Impala on CDH OCF Connector: Install and Configure

Alation Cloud Service Applies to Alation Cloud Service instances of Alation

Customer Managed Applies to customer-managed instances of Alation

Ports

The port numbers listed below are defaults. If you are using non-default ports, then ensure they are open.

  • Open outbound TCP port 21050 to the Impala server

  • Open outbound TCP port 9083 to the metastore

  • Open outbound TCP port 9870 to the WebHDFS server

  • Open outbound TCP port 9871 to the WebHDFS server if the cluster uses TLS

  • Open TCP port 14000 for HTTPFS connection

Extraction of Complex Data Types

Complex data types, such as map, array, and struct are extracted. By default, they will be represented as flat lists.
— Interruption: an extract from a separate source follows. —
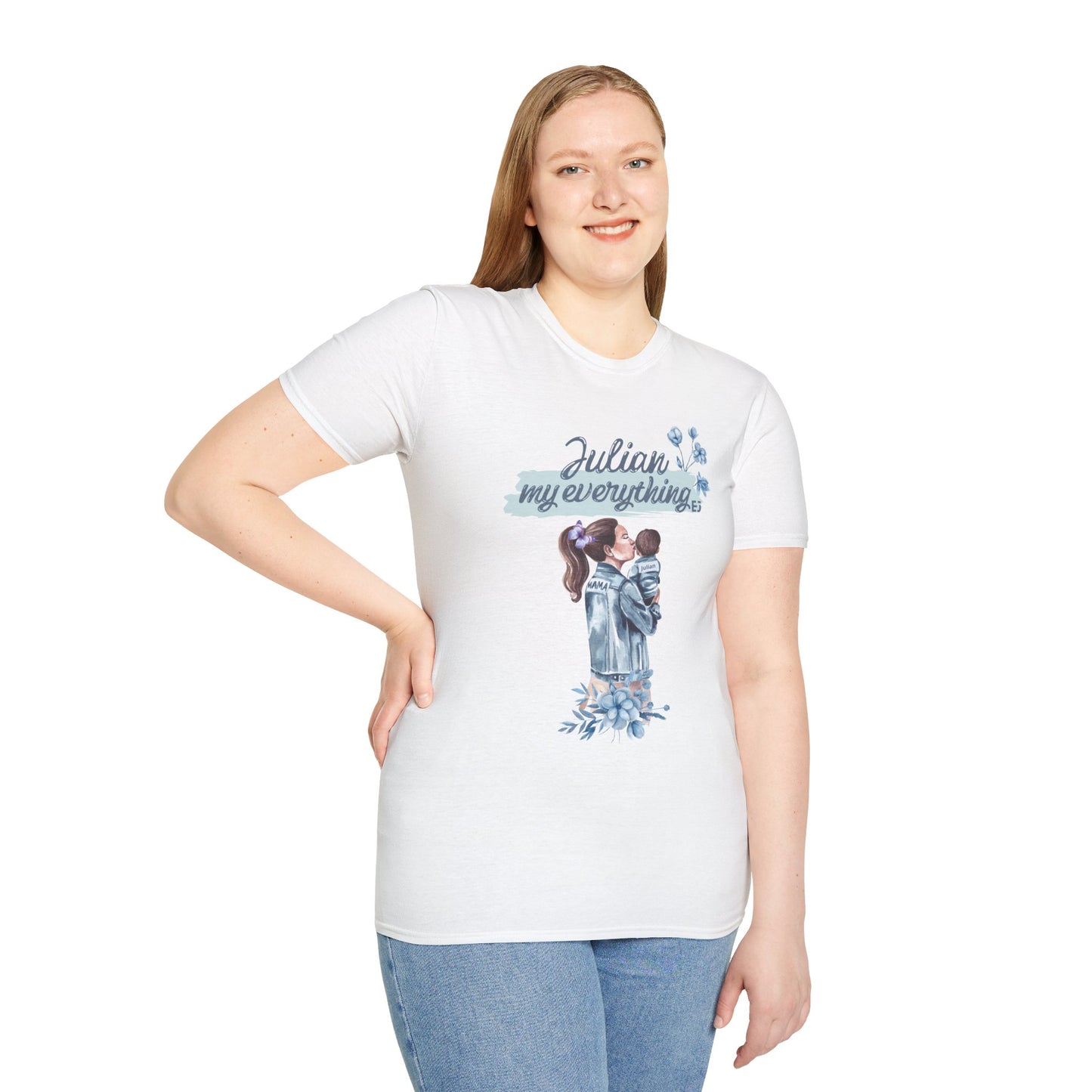 Softstyle T-Shirt - your child name custom “My Everything" - Perfect for Moms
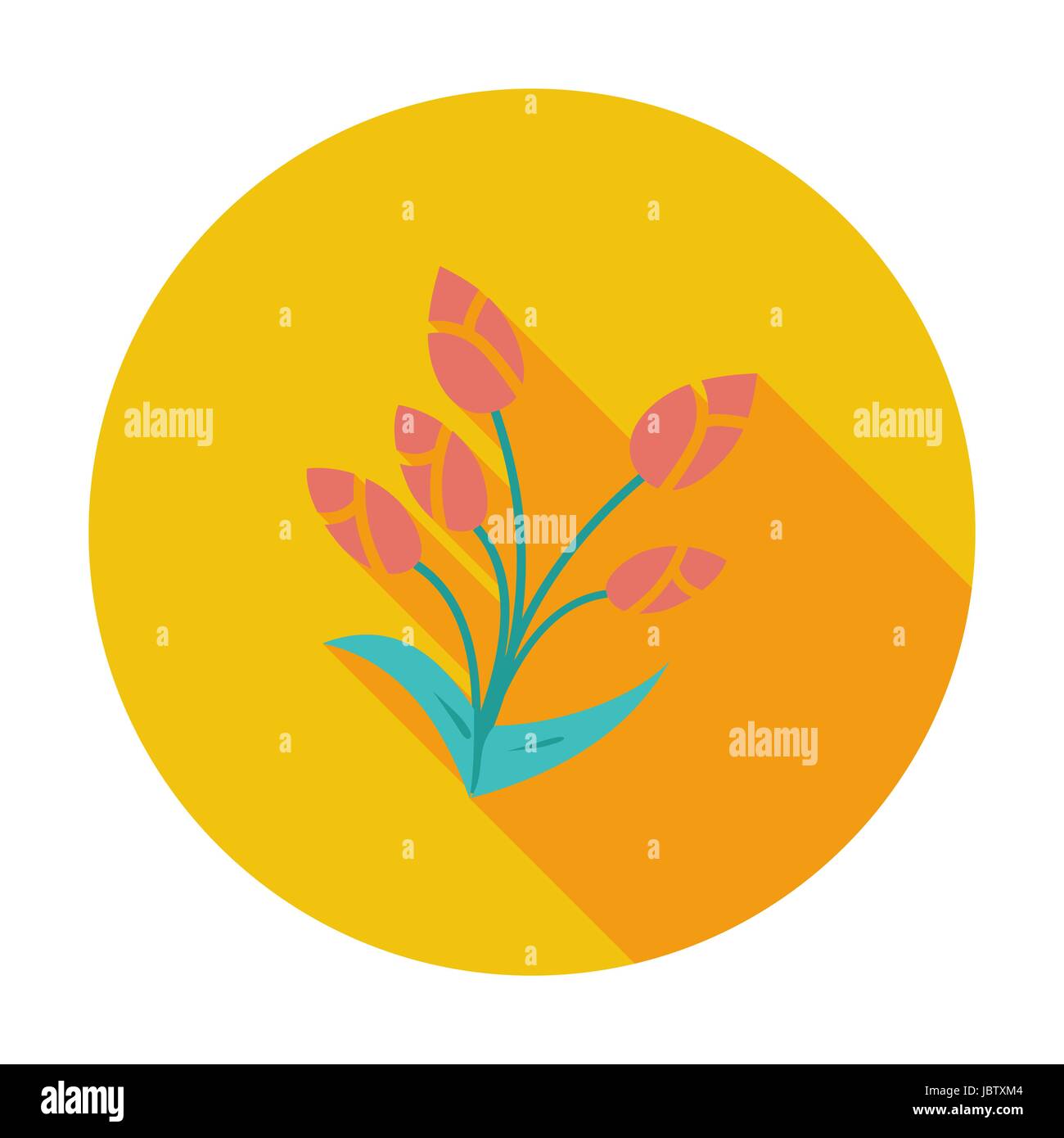 Tulip. Single flat color icon. Vector illustration Stock Vector Image ...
You can enable tree-structure-like representation of complex data types using alation_conf on the Alation server.

Note

Alation Cloud Service customers can request server configuration changes through Alation Support.

To enable the representation of complex data types as a tree structure:

  • On your Alation instance, set the alation_conf parameter alation.feature_flags.enable_generic_nosql_support to True.

  • Additionally, use the parameter alation.feature_flags.docstore_tree_table_depth to define the depth of the display. By default, three levels are displayed.

For information about using alation_conf, refer to Using alation_conf.

Important

After changing values of these parameters, restart Alation Supervisor from the Alation shell: alation_supervisor restart all.

You can find more information about Alation actions in Alation Actions.

Service Account

Create a service account for Alation prior to adding your Impala data source to the catalog. The service account requires these permissions:

  • SELECT on all schemas which you plan to extract into the catalog.

  • Read and execute permissions for the HDFS location that stores Impala query logs.

  • Read and execute permissions for Impala external tables.

  • Access to the metastore.

Kerberized Impala

Alation recommends creating the service account in the same realm as the realm used by Impala users.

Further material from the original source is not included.